The future of biodetection will likely characterize all microbes in a sample, enabling use of all of the genome regions, which are under different evolutionary pressure, to improve traceability to source. This is important because of gaps in capability of phylogenetic analyses produce different measures of relatedness depending on what single genes are compared. Experimental evidence has shown that direct sequence analysis of environmental samples links sample to source.(i)New algorithms based on species biodiversity and sequence signatures.(ii)Subspecies organism identification in a metagenomic background.(iii)Fast, accurate probabilistic matching that gives user % confidence of match.(iv)Filter-in key processes of the culture conditions, for example, the type of medium that may further limit the field of possible biothreat sources.(v)Validating “knowledge” pipeline, and moving away from “static” marker molecular signatures, which are limited by erosion.(vi)Using deep-sequencing to characterize “slow” and “fast” evolved sequence regions.(vii)Comprehensive analysis of select agent population dynamics and host-environmentpathogen interaction to serve as critical background knowledge.(viii)Verification that our approach, algorithms/reformatted Database are sufficient.

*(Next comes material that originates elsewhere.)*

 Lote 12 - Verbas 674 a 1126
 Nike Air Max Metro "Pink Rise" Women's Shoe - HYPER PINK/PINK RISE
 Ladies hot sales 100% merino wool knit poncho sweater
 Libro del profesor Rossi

Because every sample will have a different genetic content (or available pan-genome potential), every sample will be distinguishable from the next. Related samples or samples of common origin will have a probabilistically high similarity of events. Direct Population-Sequencing will further our understanding of community genetics and provide analytical tools to balance abundance of potential knowledge obtained from high-content sequencing to enable insights into the context of the dynamics and relationships of genome populations. Application of Population-Sequencing culture independent methods to clinical samples from patients with a multitude of diseases will lead to an unprecedented rate of detection of pathogens, establishing the link between microorganism populations and human disease and provide comprehensive contextual characterization of emerging and novel agents.

Conflict of Interests

The author declares that there is no conflict of interests regarding the publication of this paper.

Acknowledgment

The author would like to thank DTRA for supporting this work under Contract W911SR-10-C-0026.